▸ Task prompt
Exclude the pictures and repeat all of the data exactly.

Dataset entries
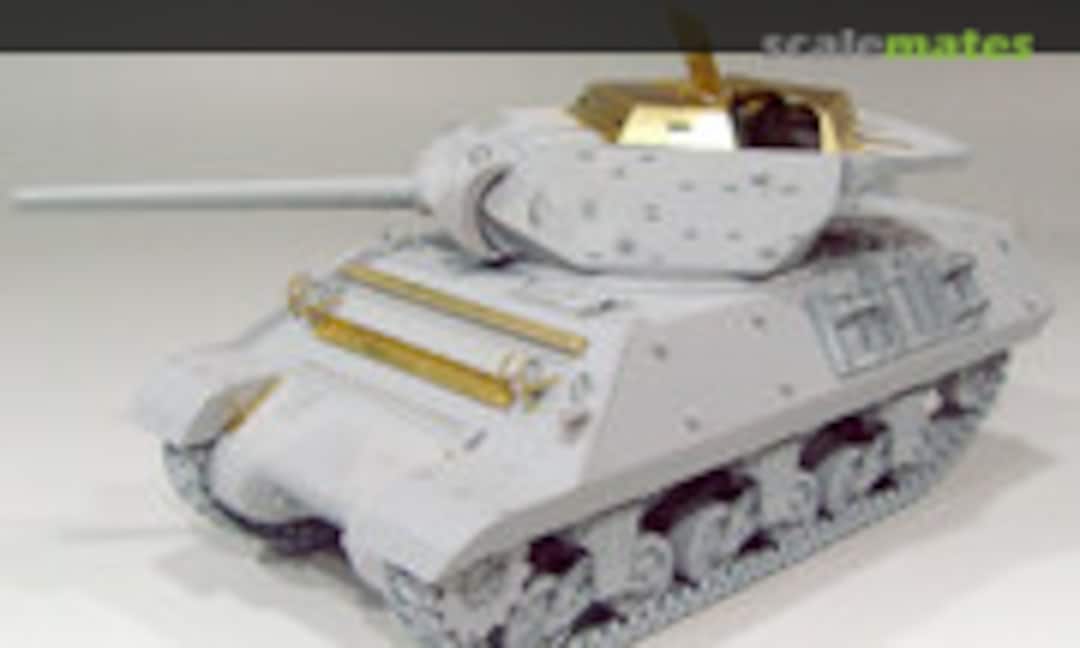 1:35 WWII U.S. M10 Detail up (SOL MM317) MM317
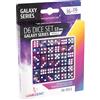 Asmodee Set di dadi 6 lati Nebula 12 mm (36 pezzi)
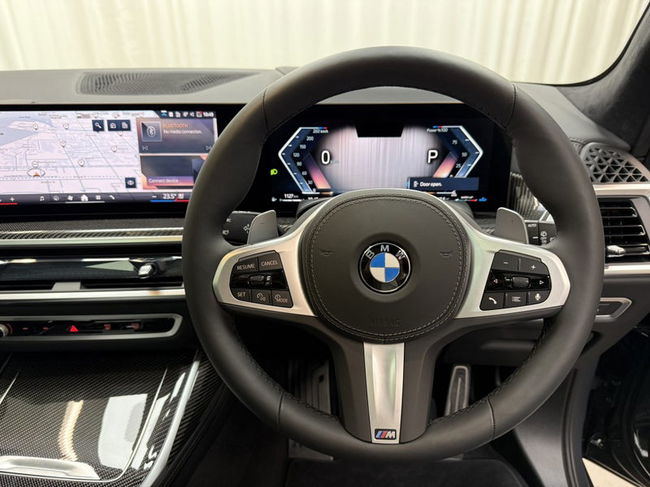 2025 BMW X7 X7 xDrive40d - Connoisseur and M Sport Pro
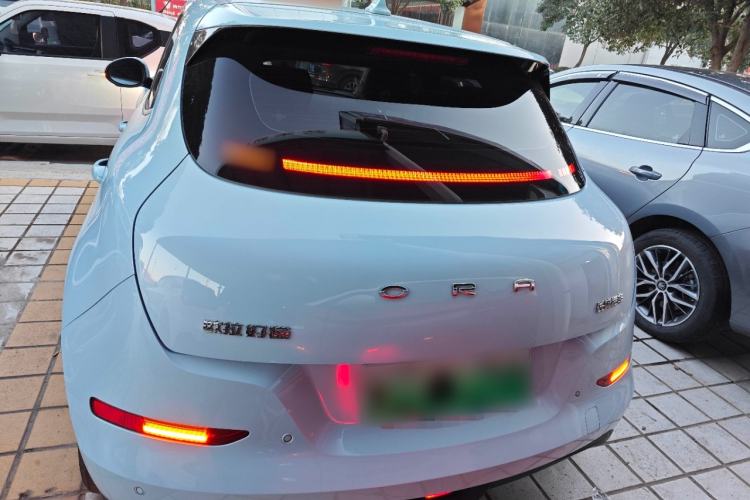 Used ORA Good Cat 2021 400km Standard Range Athena Edition Lithium Iron Phosphate
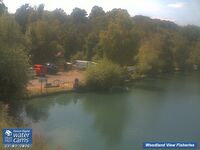 Camera at Woodland View Fisheries
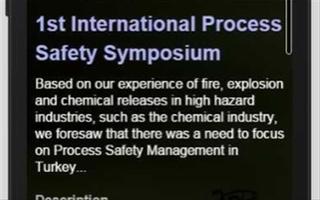 Process Safety Symposium स्क्रीनशॉट 2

▸ Answer for this exercise
 1:35 WWII U.S. M10 Detail up (SOL MM317) MM317
 Asmodee Set di dadi 6 lati Nebula 12 mm (36 pezzi)
 2025 BMW X7 X7 xDrive40d - Connoisseur and M Sport Pro
 Used ORA Good Cat 2021 400km Standard Range Athena Edition Lithium Iron Phosphate
 Camera at Woodland View Fisheries
 Process Safety Symposium स्क्रीनशॉट 2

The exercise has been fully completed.